We called the number and it was a veterinary clinic. The recepcionist told us that the dogs name is "Spike". She couldn't believe I was calling from the middle of Mexico, more than a thousand miles away from Laredo. The clinic said they call us if they located the owners. We haven't heard from them yet... that was a week ago.

In the mean time, we took the dog walking, it got run over, survived but required surgery which we, of course, had to pay for. We are now juggling 3 dogs and the orphan, Spike, requires 3 times a day medicines and pomade applications to the wounds. I'm starting to have more sympathy for parents of toddlers :-) Luckily, in our case there's no diaper expense!

Anybody want an approximately 2.5 year old golden retriever who sits when you say "sit"?

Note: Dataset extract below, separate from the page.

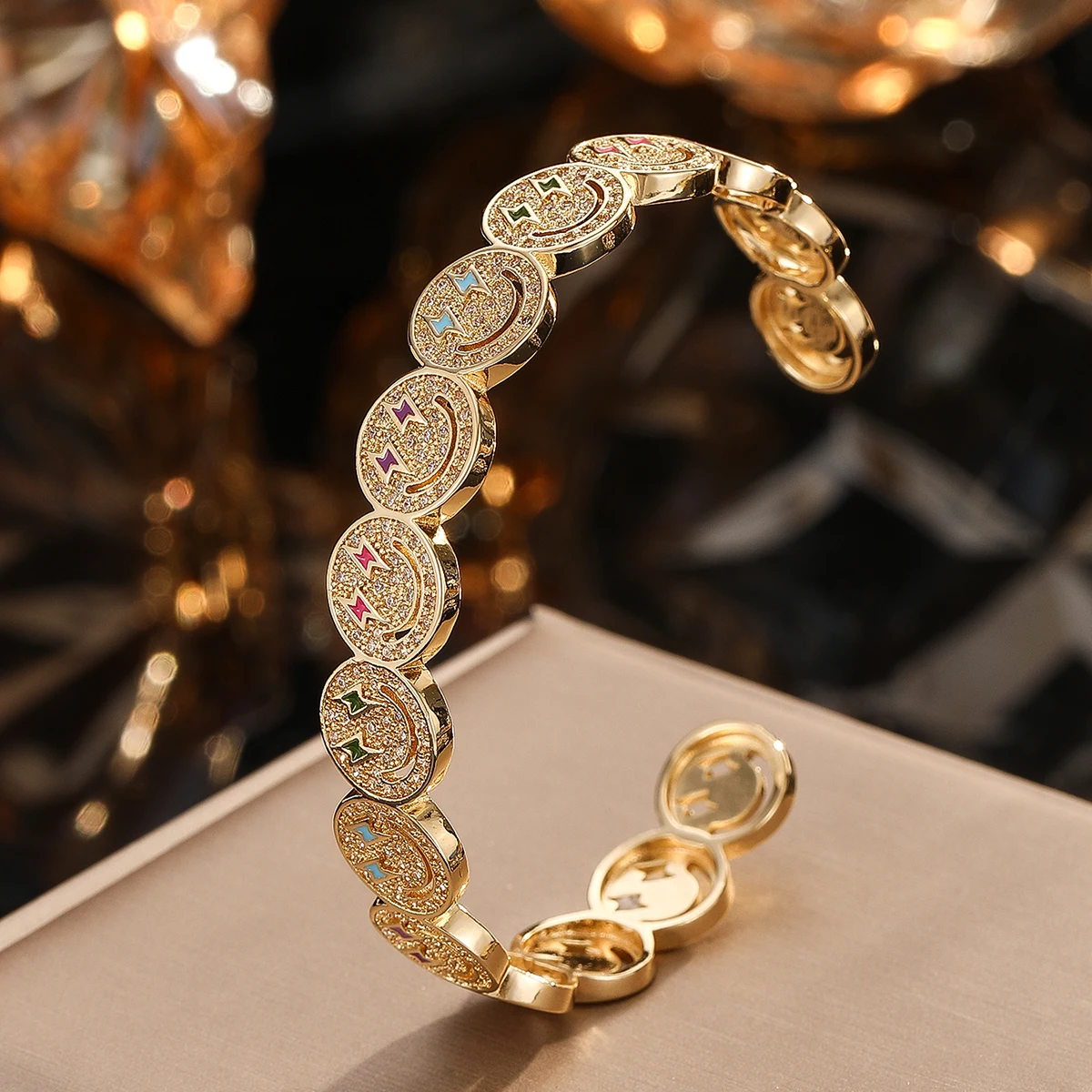 2026 New Luxury Lightning Smiley Bracelet Ins Style High-End Copper Plated Zircon Open Cuff Perfect for Daily Wear and Parties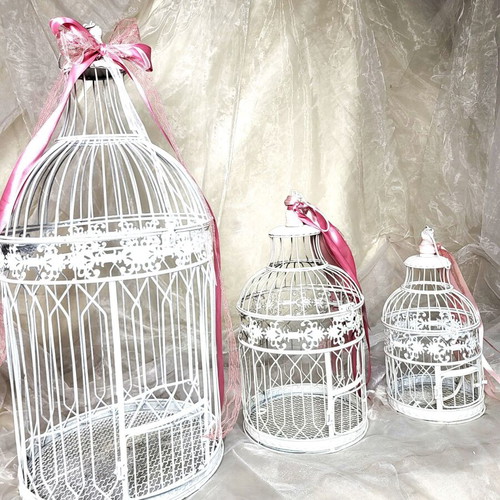 Set of 4 Decorative Birdcages with Metal Stand Like New, Vintage White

~ posted by tim at 6/28/2003 05:54:28 PM

 It was fun deciding the winners of our web site's contest. As mentioned below, Annette and I got together with our 3 editors over some pizza and picked the top 10. First prize went to a young woman in Argentina who had sent in a creative, active bible bible study. Second prize went to another girl for an excellent article and study on how to develop leadership that will last and have an impact. Third place went to a Chilean guy who sent in over 40 youth ministry resources, the best of which was a collection of games and activities for the winter months. Fourth place went to a mexican, fifth place to a Costa Rican, sixth to a man from the Dominican Republic, seventh to a Paraguayan, eighth to a Peruvian, ninth place went to the same guy who won third place (we didn't look at names when we chose the winners), and tenth place went to a mexican.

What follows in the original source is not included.